In the values they expressed they took an extremely long perspective. They would extablish a thousand year empire, when they designed a building the first thing they thought of was what it should look like as a ruin and they included Darwinian evolution in their methods and considerations, as though their plans covered at the very least tens of thousands of years. But in their actions they threw away every chance at creating something stable for some futile gestures and a bunch of murders.
And wasting their forces to conquer territories that they knew that they would lose immediately was in itself irrational.
They didn't need the final solution to protect themselves from jews. They "had to" do it because they had used the jew as their outside threat to make the germans fall in line at the start of their rule, and they had internalized their own propaganda to the point that killing jews became a supergoal.
Not every chance. A small reduction in probability. The key word in my argument that you're not addressing is that they made a tradeoff.
if you assume (without evidence) that they didn't believe in their stated anti-Jewish goals at first, and that it was only propaganda, then you're undermining the whole discussion. We started out by considering their success in terms of their own goals and under the assumption they were being rational.
By this subgoal stomp, do you mean that when their subgoal (Killing Jews) became a priority, that it diverted resources away from their supergoal (world domination, or at least the domination of Europe/Asia), and thus they stomped on their own supergoal by irrationally promoting the importance of the subgoal?
If that is what you mean, then I think that a strong case could be made for this, as a lot of manpower was sucked into that particular void.
Yup. Exactly.
No, rationality == winning by definition. Intelligence doesn't seem to be well defined.
Rationality = having accurate beliefs about the world, not winning. If Eliezer Yudkowsky were serving a life sentence in a prison in Pakistan, he would be much more rational than the average person, but much less capable of winning.
Eh, I'd just convince them to let me out.
Hahahaha... How long have you been saving that one?
I suspect that it's easier to talk your way out of an AI-box than a prison cell.
Perhaps, but I'm a bit stunned at the idea that being in a prison cell means you should just give up.
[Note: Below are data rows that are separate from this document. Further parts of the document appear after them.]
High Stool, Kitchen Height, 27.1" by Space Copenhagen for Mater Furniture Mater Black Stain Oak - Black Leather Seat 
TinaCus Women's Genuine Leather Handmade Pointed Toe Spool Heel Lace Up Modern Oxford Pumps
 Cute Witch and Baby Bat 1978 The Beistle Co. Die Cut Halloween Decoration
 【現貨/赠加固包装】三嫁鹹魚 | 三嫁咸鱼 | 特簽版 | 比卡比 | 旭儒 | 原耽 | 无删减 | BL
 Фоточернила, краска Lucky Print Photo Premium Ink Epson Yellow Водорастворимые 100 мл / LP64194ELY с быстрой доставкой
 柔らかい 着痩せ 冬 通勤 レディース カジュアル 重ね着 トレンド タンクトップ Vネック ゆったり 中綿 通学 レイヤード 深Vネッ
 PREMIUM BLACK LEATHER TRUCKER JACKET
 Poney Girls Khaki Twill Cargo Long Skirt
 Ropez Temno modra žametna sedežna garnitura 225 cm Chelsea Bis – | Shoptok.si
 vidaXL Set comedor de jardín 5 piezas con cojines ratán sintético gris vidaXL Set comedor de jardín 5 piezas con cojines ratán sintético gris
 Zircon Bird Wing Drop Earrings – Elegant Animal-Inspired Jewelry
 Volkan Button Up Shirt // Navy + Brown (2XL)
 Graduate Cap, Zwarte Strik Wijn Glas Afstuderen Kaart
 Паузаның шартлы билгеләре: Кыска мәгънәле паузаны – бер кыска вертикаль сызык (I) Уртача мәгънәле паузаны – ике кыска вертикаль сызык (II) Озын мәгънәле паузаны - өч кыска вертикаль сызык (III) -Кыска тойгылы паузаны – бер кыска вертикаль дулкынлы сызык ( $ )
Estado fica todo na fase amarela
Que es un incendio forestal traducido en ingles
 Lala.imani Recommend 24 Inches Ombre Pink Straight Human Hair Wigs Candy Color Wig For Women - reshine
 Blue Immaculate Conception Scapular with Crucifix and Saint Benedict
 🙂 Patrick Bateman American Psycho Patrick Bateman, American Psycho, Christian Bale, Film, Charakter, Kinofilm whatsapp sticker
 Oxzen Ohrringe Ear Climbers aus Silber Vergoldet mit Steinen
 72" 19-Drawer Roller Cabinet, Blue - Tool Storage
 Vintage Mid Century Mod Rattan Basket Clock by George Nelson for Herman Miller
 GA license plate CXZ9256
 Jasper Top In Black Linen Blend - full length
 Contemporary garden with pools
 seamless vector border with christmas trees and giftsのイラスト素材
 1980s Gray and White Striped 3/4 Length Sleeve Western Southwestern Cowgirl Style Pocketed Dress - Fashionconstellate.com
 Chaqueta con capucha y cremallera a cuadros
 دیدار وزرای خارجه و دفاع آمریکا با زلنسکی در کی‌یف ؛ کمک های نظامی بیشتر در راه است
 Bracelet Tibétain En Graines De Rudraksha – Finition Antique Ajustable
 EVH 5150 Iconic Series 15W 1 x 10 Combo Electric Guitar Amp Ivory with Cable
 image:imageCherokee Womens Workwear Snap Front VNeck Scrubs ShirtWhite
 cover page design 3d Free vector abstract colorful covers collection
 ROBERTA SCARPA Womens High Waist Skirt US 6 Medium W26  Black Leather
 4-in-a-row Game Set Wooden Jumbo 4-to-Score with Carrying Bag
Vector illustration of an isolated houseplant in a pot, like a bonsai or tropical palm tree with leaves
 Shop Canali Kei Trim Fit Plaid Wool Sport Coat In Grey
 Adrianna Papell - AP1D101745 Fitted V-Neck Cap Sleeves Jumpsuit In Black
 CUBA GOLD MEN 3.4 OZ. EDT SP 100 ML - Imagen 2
Have I taught you all nothing?
Well, come on, the first ideas I thought of wouldn't work in that situation. What do you expect me to do, think about it for five minutes?
The full phrase is "think about it for five minutes by an actual physical clock".
Good point.
Or, if you like, you can take it from Amanda.
Rationality == winning, but you still have to work with what you're given, obviously. Given that you're serving a life sentence in a Pakistani prison, (perfect) rationality will let you make the best of it.
Given that you have to figure out how to win, not just decide to win, it's not that trivial!